Director´s Note

Bettina Haasen

Bettina Haasen (*1969) studied African Languages and Political Sciences in Hamburg and in Paris. In 1997, during her work as a producer for the documentary production company EGOLI Films in Berlin, she started working on her own film projects. In 1999 she directed her first documentary film "Between 2 worlds" (FIPRESCI Award for best debutant film at IDFA 1999). In 2001 she decided to live and work in Niger, Africa. After returning to Germany in 2004, she directed the documentary "A love apart" (IDFA, Lussas, Thessaloniki, Berlin) - the perspective of a thirteen year old Tuareg girl in her cultural context while she is getting married. Other documentaries are: "Shadows of the Desert" (43´ and 52´); "Irene Dische - My Life" (43´). HOTEL SAHARA is her first feature-length documentary film. She currently lives as a freelance author and director in Berlin and works on her first feature film screenplay.
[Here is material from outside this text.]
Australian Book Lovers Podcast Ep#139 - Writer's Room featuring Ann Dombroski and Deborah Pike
The freedom and latitude with which we manoeuvre has long since ceased to be a given for everyone. For a number of years now I have concerned myself with the microcosm of those in perpetual waiting, of those continually living "ready to go" but trapped in inadvertent immobility.
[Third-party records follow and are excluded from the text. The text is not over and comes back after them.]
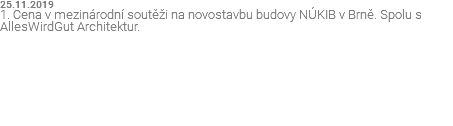 25.11.2019 1. Cena v mezinárodní soutěži na novostavbu budovy NÚKIB v Brně. Spolu s AllesWirdGut Architektur.
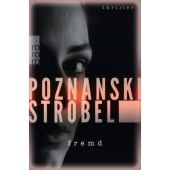 Fremd, Poznanski, Ursula/Strobel, Arno, Rowohlt Verlag, EAN/ISBN-13: 9783499270918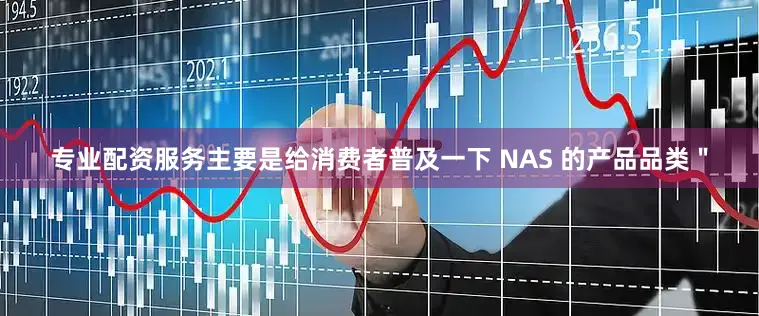 专业配资服务主要是给消费者普及一下 NAS 的产品品类＂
Nouadhibou, in Mauritania - the last stop before crossing the Atlantic. It is a vacuum, this enormous departure area harbouring an innumerable mass of people from Ghana, Cameroon, Togo, Nigeria and diverse other African countries. Only a small fraction of the African refugees that depart from here ever manage to reach the other side, manage to survive the ocean distance of roughly 1,000 kilometres. Their irresistible urge to "get away" and their unquestioned assumption that everything is better in Europe is what initially moved me, but soon that alone was not enough.

I sought an answer behind the obvious explanation. My goal was to go beyond the statistics, to look beyond the anonymous faces and stereotypical images of stranded boats and to gain a better understanding of what it means to live stranded and waiting, far removed from both security and family ties. Already departed, but not yet arrived.

A life on standby

My aspiration was to make this continual condition of "inbetweenness" tangible through the documentation of image and sound; to make the very atmosphere of the condition perceptible and, in turn, achieve a greater proximity to the diverse facets of being in perpetual transit.

Each and all of us are familiar with the desire to reinvent oneself, to move forward in life, to remain in motion, to realize ones dreams. During my many years of research at differing thoroughfares and crossing points, I have witnessed numerous biographies and fates that have confronted me with my own taken-for-granted freedom. The people that I have met have a special "invulnerability": they have nothing left to lose.

Hotel Sahara, for me, is a location between the desert and Atlantic Ocean that houses provisional lives; dissipated existences that now possess only one thing: their dreams.